Immediately after World War II, Japan was de-militarized at the behest of General MacArthur on the premise that no tragedies like those witnessed on the Pacific front should ever come to pass again. Very quickly, however, this became an issue given the interests of the Soviet Union and, later, China, in the region. As a result, the Japaense Self-Defense force was created to provide defensive aid to Japan.
Global military spending, 2004-2013. Source: Economist.
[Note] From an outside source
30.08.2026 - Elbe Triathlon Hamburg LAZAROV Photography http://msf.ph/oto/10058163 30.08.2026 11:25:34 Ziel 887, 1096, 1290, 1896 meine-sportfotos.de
In the present day, a crucial misunderstanding is taking place: the Japanese people are no longer the militarists they were with the oligarchic industrialization-touting families upending traditional values. The Centre for International Governance Innovation wrote in 2014 that there was “no prospect” of a return to these values, as the Constitution has created a robustly accountable democracy (perhaps an enviable one) that would culturally deter leaders from outright militarization. An article in Survival: Global Politics and Strategy echoes this sentiment, stating that Abe’s policy is hardly militaristic to the point of concern.. If anything, the Asia-Pacific region would become more stable with a more powerful Japan, particularly because the country could serve as a U.S.-aligned counterweight to the China and its geopolitical rise. Like many modern controversies in international politics, the issue is of image rather than of substance when it comes to constitutional debate. In fact, according to a graphic from the Economist, the size of Japan’s military has been decreasing over the past few years. Furthermore, it is ranked 102nd in the world for military spending as a share of GDP. These are not the numbers of a militarist nation.
Opening a New Chapter for Japan in the 21st Century
What few may come to realize is that Japan’s move was inevitable; the world has been moving towards the international norm of collective self-defense for many years now. The United Nations has famously been pushing the boundaries of the definition of “peacekeeping” since the 1991 Brahimi Report, which declared that self-defense does not mean that one cannot pre-empt possible enemy offensives. Without this installation, the UN member states would find constantly themselves in the midst of armed conflicts, refraining from taking action due to fears of transgressing boundaries. Recently, the UN went even further and established an outright offensive mission in the Democratic Republic of the Congo. Questions of efficacy are beyond the scope of this discussion, but one clear point is not: self-defense in a world so interconnected that idle non-state actors pose as much a threat as neighboring nations cannot be just responding to threats. Shinzo Abe may have had a militarist grandfather, but he also has an extremely strong dedication to his nation’s interests.
The UN Charter itself claims that all nations have a right to collective self-defense. In an age separated from World War II by a deep sobriety about the nature of nuclear weapons and the heavy costs of wars, the impetus for militarism in any nation is dubious without a strong cultural undercurrent, which Japan does not have by any measure. The question of Abe’s policy becomes whether or not the new Japan, the economic superpower, ought to have the same rights as other nations. But, more importantly, recognizing that Abe’s supposed “militarism” is really bound to his treaties with the United States provides a newfound context. This becomes critical to the interpretation of the bills, furthermore, because “collective self-defense” on the part of Japan becomes tied to US and Western interests. Suddenly, Abe’s affront to history becomes an affirmation of his commitment to support his allies, a story that few have been willing to tell.
Modernization is difficult for countries whose worldwide public image is tarnished by history. Looking at the modern geopolitical landscape, however, requires that one considers current needs and modern cultural understandings to make effective decisions in international policy. Thanks to the work of Shinzo Abe Japan has done this. It is now time to support his decision, which could give support to a rise in legitimate multilateral coalitions and important humanitarian and political efforts around the world.